How will palmoplantar pustulosis be diagnosed?
In most cases, the diagnosis is made by a doctor after taking a history and by looking at a person’s skin. As a fungal infection can look very similar, it can be helpful for a doctor to take a painless skin scrape to check for this. A painless swab of the fluid inside the pustules may be taken to rule out a bacterial infection. Sometimes, a small biopsy may be needed to confirm the diagnosis. This procedure requires a local anesthetic injection into an affected area and removing a small piece of skin to look at under the microscope. This is followed by stitches to close the wound, after which the area should heal with a small scar.

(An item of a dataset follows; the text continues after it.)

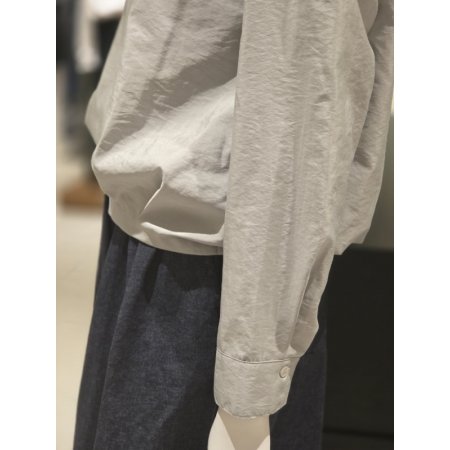 셔링장식 블라우스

Is palmoplantar pustulosis serious?
Although the condition is not cancerous or contagious, the inflammation of the palms and soles can severely affect one’s quality of life. It can be painful and itchy, making it hard for one to walk comfortably or to use their hands without pain, possibly affecting sleep, work, and activities of daily living.
Can palmoplantar pustulosis be cured?
No. Like many skin conditions, palmoplantar pustulosis cannot be cured. There are, however, several treatment options that can improve it significantly. Basic principles of good skincare can reduce the frequency and severity of symptoms (see below).

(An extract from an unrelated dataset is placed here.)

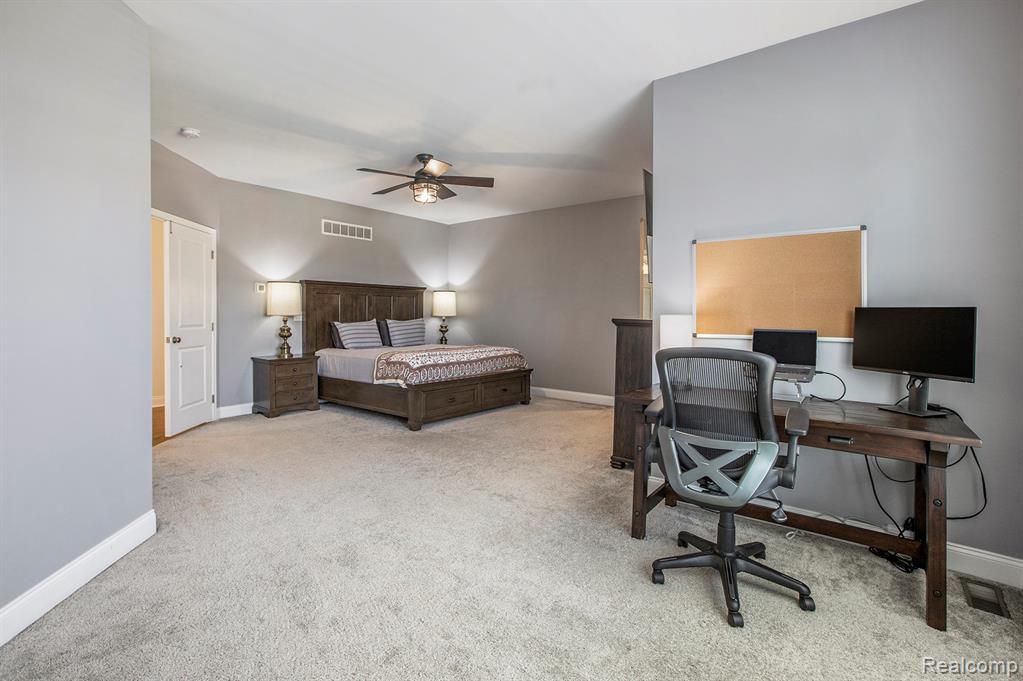 51021 Laurel Park, Canton, MI 48188 — Photo 17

What is the treatment for palmoplantar pustulosis? Several different treatment options range from creams to phototherapy (UV light treatment in the Dermatology Department) to tablets, and it is individualized to the patient depending on the severity of their condition. It is not unusual for the treatment to change over time, as the disease is longstanding.
Creams and Ointments :
- Moisturizers should be applied several times a day to prevent dryness and itching of the skin and act as barriers.
- Steroid creams and ointments reduce inflammation in the skin.
- Tar ointments.
- PUVA and re-PUVA are treatments with ultraviolet light A (UVA).
- Acitretin is a tablet related to Vitamin A and is one of a group of drugs called retinoids. This drug can be beneficial but is not usually recommended in women of childbearing age as pregnancy must be avoided during treatment and 3 years after taking it. A newer retinoid called alitretinoin has also been used with some success.
- Methotrexate and ciclosporin are also used and both work by reducing the immune response of the body Injections (Biologic therapies).
- These therapies work by altering the immune system. These are a relatively new treatment for palmoplantar pustulosis and currently only used for patients with very severe disease who cannot take one of the standard treatments listed above or who have failed to respond to them.
- Other treatments may also be tried, depending on individual circumstances and need. Medicines, as part of clinical research, may also be available. Your doctor will discuss treatment options with you.
Self Care (What can I do?)
- If you are a smoker, you should try to stop. The benefit to the skin from quitting smoking may not be immediately apparent, but your general health will also benefit.
- Don’t use soap, bubble bath, or shower gel, instead use a moisturizing cream or ointment for washing the affected areas. A moisturizer should be applied several times a day to reduce inflammation and dryness.
- Protective gloves should be worn when you work with water and exposure to chemicals, including household cleaning products. Appropriate gloves should also be worn for any gardening or manual labor. • If possible, rest your sore hands and feet.
- Wear socks and shoes made from cotton or very soft synthetic fibers, as they are better tolerated by inflamed skin. Cotton gloves and socks can also be used at night over ointments to reduce the transfer of cream to bed linen. Wool should be avoided as it can be irritant.
- Thickened skin will crack (fissure) more easily. The skin thickness can be reduced by applying the cream.
- A podiatrist can offer advice and treatment with foot care.